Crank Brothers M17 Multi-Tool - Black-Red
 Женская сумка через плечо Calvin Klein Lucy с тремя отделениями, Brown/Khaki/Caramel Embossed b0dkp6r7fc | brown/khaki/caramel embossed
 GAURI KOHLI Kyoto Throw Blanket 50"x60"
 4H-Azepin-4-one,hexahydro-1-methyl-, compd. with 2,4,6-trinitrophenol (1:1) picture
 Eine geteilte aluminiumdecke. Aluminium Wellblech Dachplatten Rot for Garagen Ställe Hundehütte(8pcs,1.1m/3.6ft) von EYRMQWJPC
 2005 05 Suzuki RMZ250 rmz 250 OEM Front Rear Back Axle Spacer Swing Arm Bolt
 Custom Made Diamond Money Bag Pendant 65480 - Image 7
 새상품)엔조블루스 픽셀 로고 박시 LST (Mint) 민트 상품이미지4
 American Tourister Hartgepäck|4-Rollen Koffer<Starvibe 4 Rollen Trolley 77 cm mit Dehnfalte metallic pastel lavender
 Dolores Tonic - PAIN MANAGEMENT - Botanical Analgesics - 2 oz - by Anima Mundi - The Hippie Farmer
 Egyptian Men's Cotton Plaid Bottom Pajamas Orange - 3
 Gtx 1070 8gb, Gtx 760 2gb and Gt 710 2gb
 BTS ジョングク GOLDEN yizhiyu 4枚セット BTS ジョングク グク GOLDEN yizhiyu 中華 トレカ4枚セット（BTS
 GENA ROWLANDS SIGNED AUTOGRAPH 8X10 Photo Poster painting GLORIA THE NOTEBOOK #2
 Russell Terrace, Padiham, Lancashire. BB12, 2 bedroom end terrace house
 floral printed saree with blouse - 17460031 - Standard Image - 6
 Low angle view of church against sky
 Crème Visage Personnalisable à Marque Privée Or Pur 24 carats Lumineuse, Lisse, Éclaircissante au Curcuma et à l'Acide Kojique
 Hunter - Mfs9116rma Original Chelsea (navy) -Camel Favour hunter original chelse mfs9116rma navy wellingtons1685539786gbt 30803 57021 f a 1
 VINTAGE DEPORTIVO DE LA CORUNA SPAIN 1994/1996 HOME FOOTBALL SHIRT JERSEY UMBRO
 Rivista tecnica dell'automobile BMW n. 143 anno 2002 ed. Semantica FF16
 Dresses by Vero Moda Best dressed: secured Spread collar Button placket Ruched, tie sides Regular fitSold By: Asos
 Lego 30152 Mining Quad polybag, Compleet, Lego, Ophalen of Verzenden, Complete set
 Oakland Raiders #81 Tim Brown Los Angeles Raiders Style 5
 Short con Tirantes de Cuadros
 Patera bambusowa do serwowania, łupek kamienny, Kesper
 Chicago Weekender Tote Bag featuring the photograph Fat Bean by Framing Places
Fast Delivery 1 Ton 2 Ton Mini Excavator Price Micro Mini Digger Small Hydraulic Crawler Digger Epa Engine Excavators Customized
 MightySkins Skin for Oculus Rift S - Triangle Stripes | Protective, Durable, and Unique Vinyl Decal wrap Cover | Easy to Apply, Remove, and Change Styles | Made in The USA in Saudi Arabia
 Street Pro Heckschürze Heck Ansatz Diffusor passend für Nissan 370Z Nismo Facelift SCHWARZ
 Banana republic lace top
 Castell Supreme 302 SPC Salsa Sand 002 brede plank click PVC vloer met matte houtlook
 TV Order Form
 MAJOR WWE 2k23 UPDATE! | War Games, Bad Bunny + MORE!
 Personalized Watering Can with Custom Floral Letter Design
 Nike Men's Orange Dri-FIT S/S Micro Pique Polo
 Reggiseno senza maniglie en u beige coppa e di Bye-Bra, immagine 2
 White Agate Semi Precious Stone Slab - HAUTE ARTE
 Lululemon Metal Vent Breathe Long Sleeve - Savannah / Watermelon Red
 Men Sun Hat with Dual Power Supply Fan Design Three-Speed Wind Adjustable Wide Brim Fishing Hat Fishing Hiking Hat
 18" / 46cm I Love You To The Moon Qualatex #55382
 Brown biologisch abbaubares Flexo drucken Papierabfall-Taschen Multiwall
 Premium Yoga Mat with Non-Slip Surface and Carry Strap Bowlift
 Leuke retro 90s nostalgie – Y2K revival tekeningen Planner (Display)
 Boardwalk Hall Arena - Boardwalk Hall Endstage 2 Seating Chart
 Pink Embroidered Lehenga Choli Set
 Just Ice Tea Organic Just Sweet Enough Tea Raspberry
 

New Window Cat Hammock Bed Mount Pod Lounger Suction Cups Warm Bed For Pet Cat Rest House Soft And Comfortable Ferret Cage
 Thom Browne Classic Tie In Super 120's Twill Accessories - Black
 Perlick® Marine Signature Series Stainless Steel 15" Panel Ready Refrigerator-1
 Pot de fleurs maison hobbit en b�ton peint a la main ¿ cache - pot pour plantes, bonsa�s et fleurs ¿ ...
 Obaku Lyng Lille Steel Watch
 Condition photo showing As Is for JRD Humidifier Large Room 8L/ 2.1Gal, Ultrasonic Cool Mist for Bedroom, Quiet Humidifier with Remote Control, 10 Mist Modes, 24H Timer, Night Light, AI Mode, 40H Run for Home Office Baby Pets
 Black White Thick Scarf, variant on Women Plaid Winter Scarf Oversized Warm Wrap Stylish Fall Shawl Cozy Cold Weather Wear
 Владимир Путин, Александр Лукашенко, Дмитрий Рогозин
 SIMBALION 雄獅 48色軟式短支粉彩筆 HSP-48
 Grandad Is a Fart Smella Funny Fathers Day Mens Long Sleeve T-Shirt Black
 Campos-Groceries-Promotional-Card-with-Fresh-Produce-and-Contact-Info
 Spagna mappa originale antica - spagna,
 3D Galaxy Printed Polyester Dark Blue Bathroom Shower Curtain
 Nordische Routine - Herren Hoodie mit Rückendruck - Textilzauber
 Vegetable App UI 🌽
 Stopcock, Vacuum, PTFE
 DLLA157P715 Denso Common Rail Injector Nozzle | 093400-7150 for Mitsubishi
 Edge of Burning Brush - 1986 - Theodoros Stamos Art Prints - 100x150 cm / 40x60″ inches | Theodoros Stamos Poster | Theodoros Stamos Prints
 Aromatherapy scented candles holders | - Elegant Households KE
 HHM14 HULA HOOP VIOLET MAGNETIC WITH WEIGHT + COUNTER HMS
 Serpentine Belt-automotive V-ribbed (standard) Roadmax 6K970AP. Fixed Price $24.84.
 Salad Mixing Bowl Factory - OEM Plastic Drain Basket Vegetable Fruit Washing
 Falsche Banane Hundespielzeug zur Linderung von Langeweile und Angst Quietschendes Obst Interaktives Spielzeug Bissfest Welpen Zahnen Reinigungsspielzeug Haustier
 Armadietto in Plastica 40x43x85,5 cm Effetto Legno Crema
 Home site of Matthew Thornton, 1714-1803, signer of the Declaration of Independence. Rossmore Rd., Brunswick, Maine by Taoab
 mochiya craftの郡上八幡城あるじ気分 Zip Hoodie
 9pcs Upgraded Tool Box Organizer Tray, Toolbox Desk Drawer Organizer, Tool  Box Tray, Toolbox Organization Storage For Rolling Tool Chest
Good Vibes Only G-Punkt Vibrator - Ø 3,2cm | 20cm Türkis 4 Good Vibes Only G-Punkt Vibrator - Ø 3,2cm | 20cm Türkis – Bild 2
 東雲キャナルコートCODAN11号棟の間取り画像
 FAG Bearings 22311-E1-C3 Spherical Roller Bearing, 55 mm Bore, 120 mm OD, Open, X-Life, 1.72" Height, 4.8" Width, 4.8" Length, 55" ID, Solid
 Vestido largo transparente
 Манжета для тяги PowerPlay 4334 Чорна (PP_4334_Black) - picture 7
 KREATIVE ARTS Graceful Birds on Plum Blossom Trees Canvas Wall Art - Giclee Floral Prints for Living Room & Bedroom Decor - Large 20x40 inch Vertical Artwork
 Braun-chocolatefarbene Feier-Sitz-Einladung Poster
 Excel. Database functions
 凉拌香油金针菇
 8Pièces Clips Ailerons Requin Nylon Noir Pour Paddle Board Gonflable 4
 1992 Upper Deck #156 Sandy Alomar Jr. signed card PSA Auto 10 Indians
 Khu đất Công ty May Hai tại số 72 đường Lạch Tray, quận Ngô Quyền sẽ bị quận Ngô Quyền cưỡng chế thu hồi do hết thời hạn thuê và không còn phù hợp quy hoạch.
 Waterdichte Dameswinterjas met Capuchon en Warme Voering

• EXERCISE GOAL: Reproduce the entries above exactly, but only the lines between the line holding "Leuke retro 90s" and the line holding "Stopcock, Vacuum, PTFE", inclusive.

• RESULT OF THIS TASK:
 Leuke retro 90s nostalgie – Y2K revival tekeningen Planner (Display)
 Boardwalk Hall Arena - Boardwalk Hall Endstage 2 Seating Chart
 Pink Embroidered Lehenga Choli Set
 Just Ice Tea Organic Just Sweet Enough Tea Raspberry
 

New Window Cat Hammock Bed Mount Pod Lounger Suction Cups Warm Bed For Pet Cat Rest House Soft And Comfortable Ferret Cage
 Thom Browne Classic Tie In Super 120's Twill Accessories - Black
 Perlick® Marine Signature Series Stainless Steel 15" Panel Ready Refrigerator-1
 Pot de fleurs maison hobbit en b�ton peint a la main ¿ cache - pot pour plantes, bonsa�s et fleurs ¿ ...
 Obaku Lyng Lille Steel Watch
 Condition photo showing As Is for JRD Humidifier Large Room 8L/ 2.1Gal, Ultrasonic Cool Mist for Bedroom, Quiet Humidifier with Remote Control, 10 Mist Modes, 24H Timer, Night Light, AI Mode, 40H Run for Home Office Baby Pets
 Black White Thick Scarf, variant on Women Plaid Winter Scarf Oversized Warm Wrap Stylish Fall Shawl Cozy Cold Weather Wear
 Владимир Путин, Александр Лукашенко, Дмитрий Рогозин
 SIMBALION 雄獅 48色軟式短支粉彩筆 HSP-48
 Grandad Is a Fart Smella Funny Fathers Day Mens Long Sleeve T-Shirt Black
 Campos-Groceries-Promotional-Card-with-Fresh-Produce-and-Contact-Info
 Spagna mappa originale antica - spagna,
 3D Galaxy Printed Polyester Dark Blue Bathroom Shower Curtain
 Nordische Routine - Herren Hoodie mit Rückendruck - Textilzauber
 Vegetable App UI 🌽
 Stopcock, Vacuum, PTFE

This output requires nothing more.